Earlier this month Shiv and Ryan published a piece in the Annals of Internal Medicine, entitled What Can Medical Education Learn from Facebook and Netflix? We chose the title because, as medical students, we realized the tools our classmates are using to socialize and watch TV use more sophisticated algorithms than the tools we use to learn medicine.

What if the same mechanisms that Facebook and Netflix use—such as machine learning-based recommender systems, crowdsourcing, and intuitive interfaces—could transform how we educate our health care professionals?

For example, just as Amazon recommends products based on other items that customers have bought, we believe that supplementary resources such as questions, videos, images, mnemonics, references, and even real-life patient cases could be automatically recommended based on what students and professionals are learning in the classroom or seeing in the clinic.

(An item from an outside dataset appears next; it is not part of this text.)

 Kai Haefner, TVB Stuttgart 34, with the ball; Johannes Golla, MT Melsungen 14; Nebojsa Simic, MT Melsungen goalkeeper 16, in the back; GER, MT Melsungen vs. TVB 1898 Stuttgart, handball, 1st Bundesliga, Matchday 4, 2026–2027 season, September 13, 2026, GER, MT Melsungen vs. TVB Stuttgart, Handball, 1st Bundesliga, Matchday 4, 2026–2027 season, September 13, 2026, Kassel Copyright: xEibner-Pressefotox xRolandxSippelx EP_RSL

That is one of the premises behind Osmosis, the flagship educational platform of Knowledge Diffusion, Shiv’s and Ryan’s startup. Osmosis uses data analytics and machine learning to deliver the best medical content to those trying to learn it, as efficiently as possible for the learner.

Since its launch in August, Osmosis has delivered over two million questions to more than 10,000 medical students around the world using a novel push notification system that syncs to student curricular schedules.

Osmosis is aggregating medical school curricula and extracurricular resources as well as generating a tremendous amount of data on student performance. The program uses adaptive algorithms and an intuitive interface to provide the best, most useful customized content to those trying to learn.